(Source records)
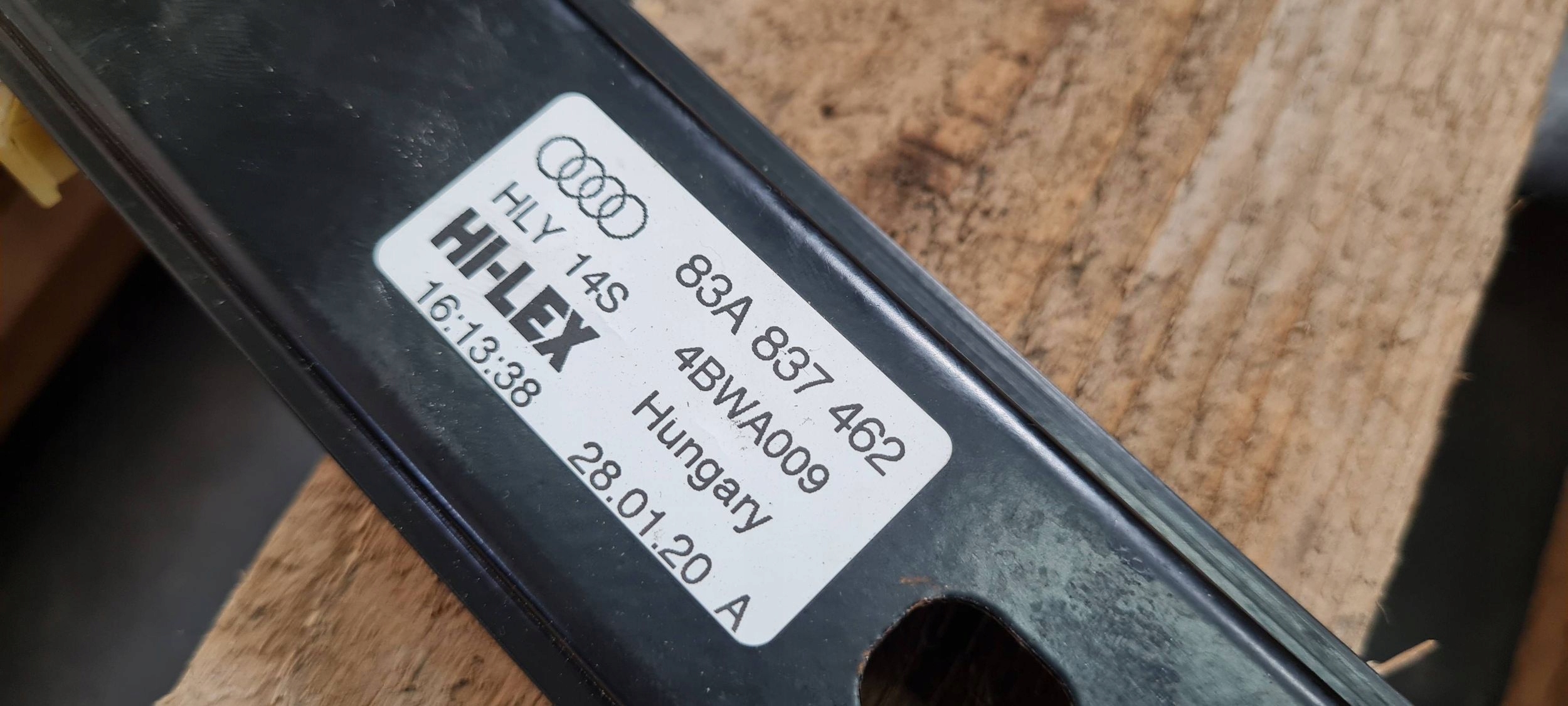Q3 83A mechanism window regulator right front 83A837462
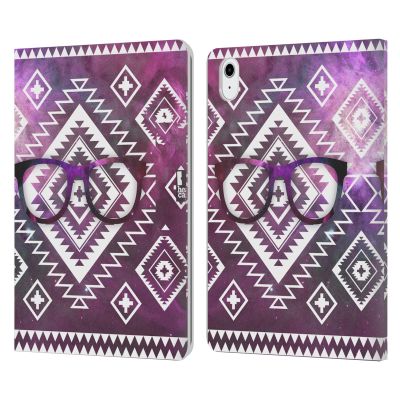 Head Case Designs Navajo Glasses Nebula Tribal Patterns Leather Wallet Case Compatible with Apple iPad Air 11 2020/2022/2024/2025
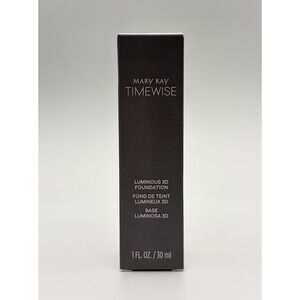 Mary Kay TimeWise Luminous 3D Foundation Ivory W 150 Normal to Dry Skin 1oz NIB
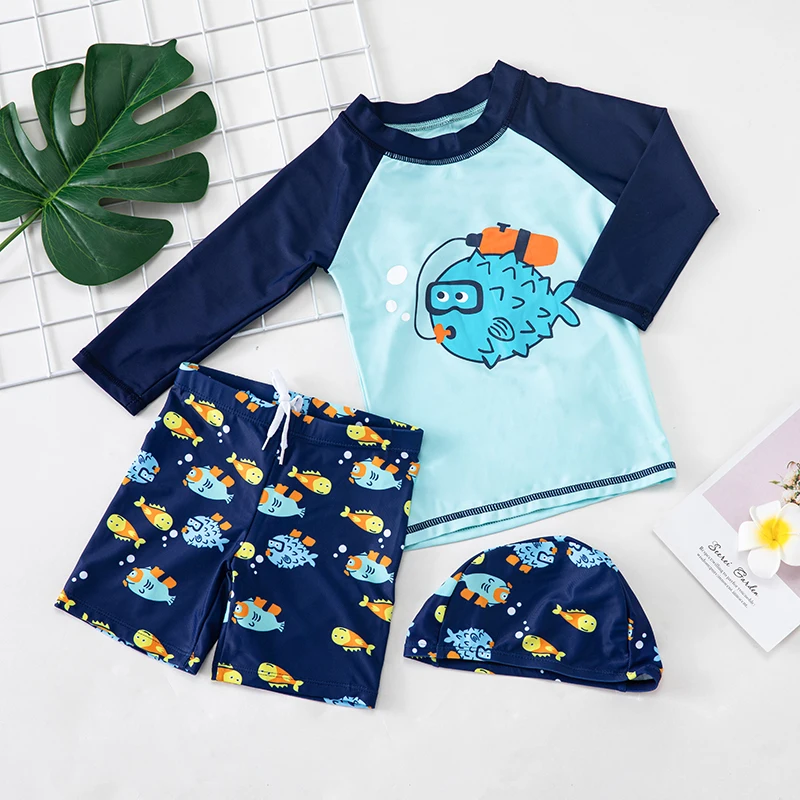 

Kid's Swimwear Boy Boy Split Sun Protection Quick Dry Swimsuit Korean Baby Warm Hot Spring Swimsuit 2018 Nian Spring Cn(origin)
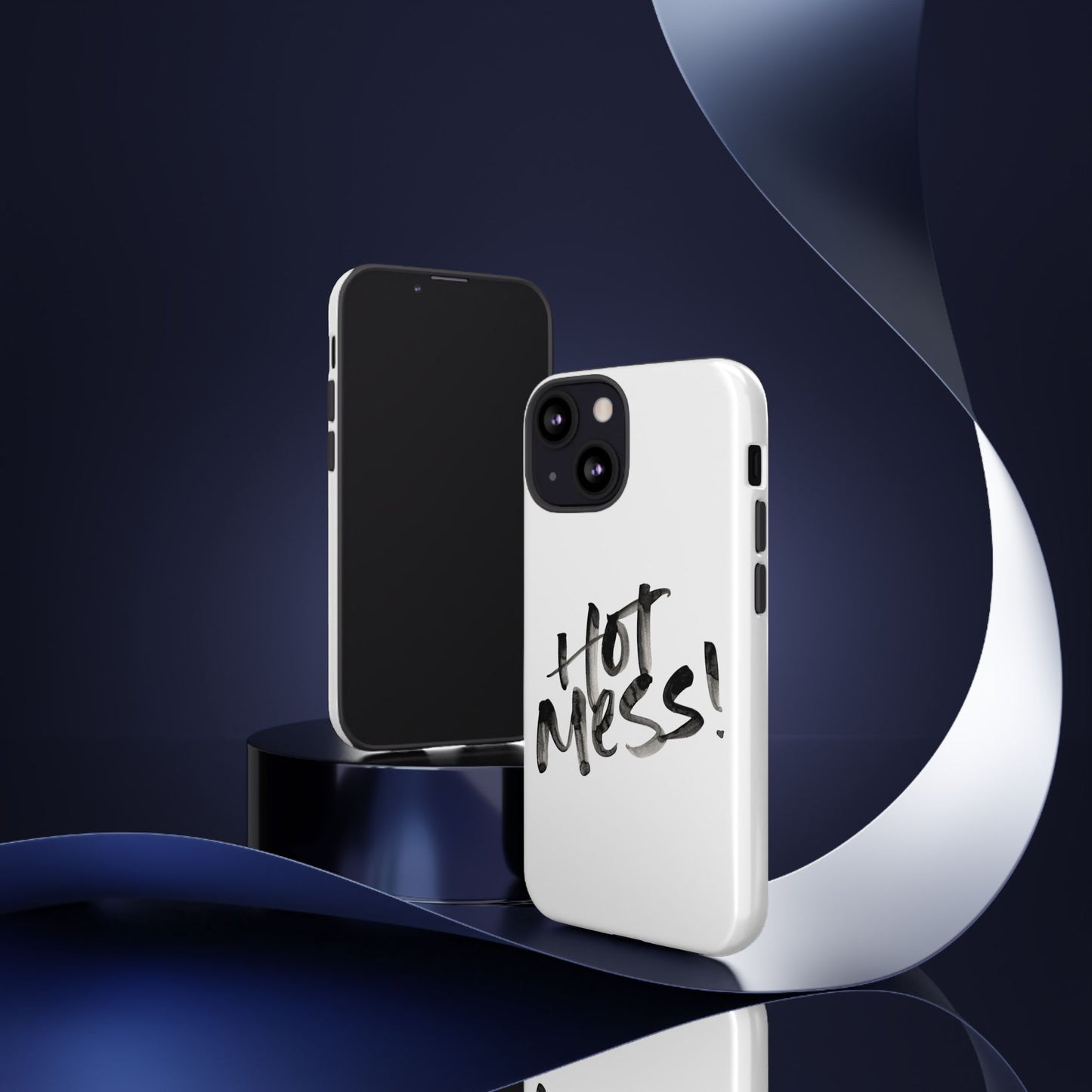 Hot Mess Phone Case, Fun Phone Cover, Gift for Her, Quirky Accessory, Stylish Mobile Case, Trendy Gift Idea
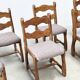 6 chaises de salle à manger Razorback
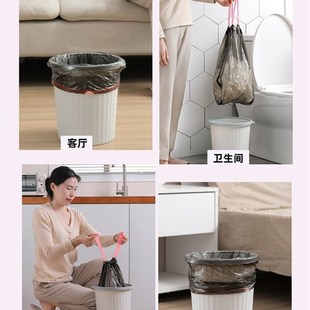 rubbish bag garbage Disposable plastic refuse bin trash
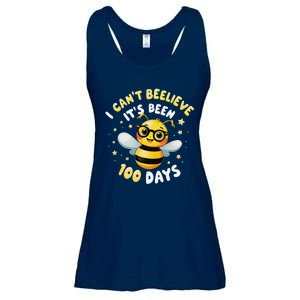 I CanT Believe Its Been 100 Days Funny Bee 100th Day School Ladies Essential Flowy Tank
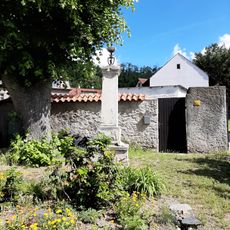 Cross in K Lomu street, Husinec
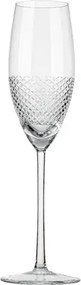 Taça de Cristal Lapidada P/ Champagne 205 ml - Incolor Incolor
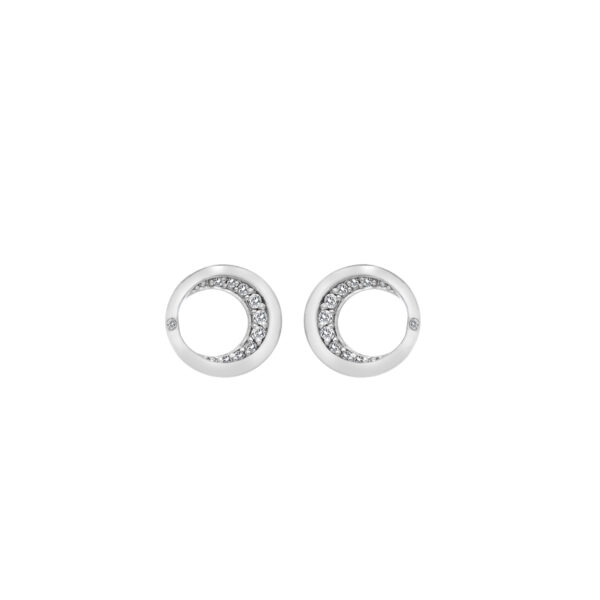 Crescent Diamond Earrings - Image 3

**WORK ITEM**
Produce the data again character for character, with the images left out.

**TASK OUTPUT**
Q3 83A mechanism window regulator right front 83A837462
 Head Case Designs Navajo Glasses Nebula Tribal Patterns Leather Wallet Case Compatible with Apple iPad Air 11 2020/2022/2024/2025
 Mary Kay TimeWise Luminous 3D Foundation Ivory W 150 Normal to Dry Skin 1oz NIB

Kid's Swimwear Boy Boy Split Sun Protection Quick Dry Swimsuit Korean Baby Warm Hot Spring Swimsuit 2018 Nian Spring Cn(origin)
 Hot Mess Phone Case, Fun Phone Cover, Gift for Her, Quirky Accessory, Stylish Mobile Case, Trendy Gift Idea
 6 chaises de salle à manger Razorback
 rubbish bag garbage Disposable plastic refuse bin trash
 I CanT Believe Its Been 100 Days Funny Bee 100th Day School Ladies Essential Flowy Tank
 Cross in K Lomu street, Husinec
 Taça de Cristal Lapidada P/ Champagne 205 ml - Incolor Incolor
 Crescent Diamond Earrings - Image 3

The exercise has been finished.